» Exercise details: Would you retype exactly the lines from the one containing "Vimentin Antibody in" through the last line of the records below, and nothing else?

» Supplied entries:

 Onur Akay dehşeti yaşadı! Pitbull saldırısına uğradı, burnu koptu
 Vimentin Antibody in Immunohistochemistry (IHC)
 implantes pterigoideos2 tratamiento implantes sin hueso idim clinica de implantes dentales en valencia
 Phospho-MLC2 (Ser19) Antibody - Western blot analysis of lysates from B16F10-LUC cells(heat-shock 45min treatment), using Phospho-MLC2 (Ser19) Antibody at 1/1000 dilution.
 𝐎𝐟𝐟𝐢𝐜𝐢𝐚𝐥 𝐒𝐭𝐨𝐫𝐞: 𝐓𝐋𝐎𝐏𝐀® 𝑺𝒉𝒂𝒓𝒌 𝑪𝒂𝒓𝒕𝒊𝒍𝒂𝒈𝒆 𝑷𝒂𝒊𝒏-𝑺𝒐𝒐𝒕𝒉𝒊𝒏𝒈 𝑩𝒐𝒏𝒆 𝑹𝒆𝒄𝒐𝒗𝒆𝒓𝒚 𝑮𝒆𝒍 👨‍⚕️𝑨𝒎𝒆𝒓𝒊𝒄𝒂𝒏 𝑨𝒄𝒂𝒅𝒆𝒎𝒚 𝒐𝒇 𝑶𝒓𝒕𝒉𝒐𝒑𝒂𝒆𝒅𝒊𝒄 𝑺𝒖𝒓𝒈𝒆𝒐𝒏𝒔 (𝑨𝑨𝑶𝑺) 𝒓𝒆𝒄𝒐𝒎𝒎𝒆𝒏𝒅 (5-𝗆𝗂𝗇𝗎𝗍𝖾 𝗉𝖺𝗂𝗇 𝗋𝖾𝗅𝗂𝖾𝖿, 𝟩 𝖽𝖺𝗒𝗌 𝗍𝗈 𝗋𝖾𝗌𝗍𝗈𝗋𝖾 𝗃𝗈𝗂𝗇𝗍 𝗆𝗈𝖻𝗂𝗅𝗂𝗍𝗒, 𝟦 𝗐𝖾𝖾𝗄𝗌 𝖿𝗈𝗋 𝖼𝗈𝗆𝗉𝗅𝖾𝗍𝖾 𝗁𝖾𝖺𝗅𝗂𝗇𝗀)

» Response to this task:
 Vimentin Antibody in Immunohistochemistry (IHC)
 implantes pterigoideos2 tratamiento implantes sin hueso idim clinica de implantes dentales en valencia
 Phospho-MLC2 (Ser19) Antibody - Western blot analysis of lysates from B16F10-LUC cells(heat-shock 45min treatment), using Phospho-MLC2 (Ser19) Antibody at 1/1000 dilution.
 𝐎𝐟𝐟𝐢𝐜𝐢𝐚𝐥 𝐒𝐭𝐨𝐫𝐞: 𝐓𝐋𝐎𝐏𝐀® 𝑺𝒉𝒂𝒓𝒌 𝑪𝒂𝒓𝒕𝒊𝒍𝒂𝒈𝒆 𝑷𝒂𝒊𝒏-𝑺𝒐𝒐𝒕𝒉𝒊𝒏𝒈 𝑩𝒐𝒏𝒆 𝑹𝒆𝒄𝒐𝒗𝒆𝒓𝒚 𝑮𝒆𝒍 👨‍⚕️𝑨𝒎𝒆𝒓𝒊𝒄𝒂𝒏 𝑨𝒄𝒂𝒅𝒆𝒎𝒚 𝒐𝒇 𝑶𝒓𝒕𝒉𝒐𝒑𝒂𝒆𝒅𝒊𝒄 𝑺𝒖𝒓𝒈𝒆𝒐𝒏𝒔 (𝑨𝑨𝑶𝑺) 𝒓𝒆𝒄𝒐𝒎𝒎𝒆𝒏𝒅 (5-𝗆𝗂𝗇𝗎𝗍𝖾 𝗉𝖺𝗂𝗇 𝗋𝖾𝗅𝗂𝖾𝖿, 𝟩 𝖽𝖺𝗒𝗌 𝗍𝗈 𝗋𝖾𝗌𝗍𝗈𝗋𝖾 𝗃𝗈𝗂𝗇𝗍 𝗆𝗈𝖻𝗂𝗅𝗂𝗍𝗒, 𝟦 𝗐𝖾𝖾𝗄𝗌 𝖿𝗈𝗋 𝖼𝗈𝗆𝗉𝗅𝖾𝗍𝖾 𝗁𝖾𝖺𝗅𝗂𝗇𝗀)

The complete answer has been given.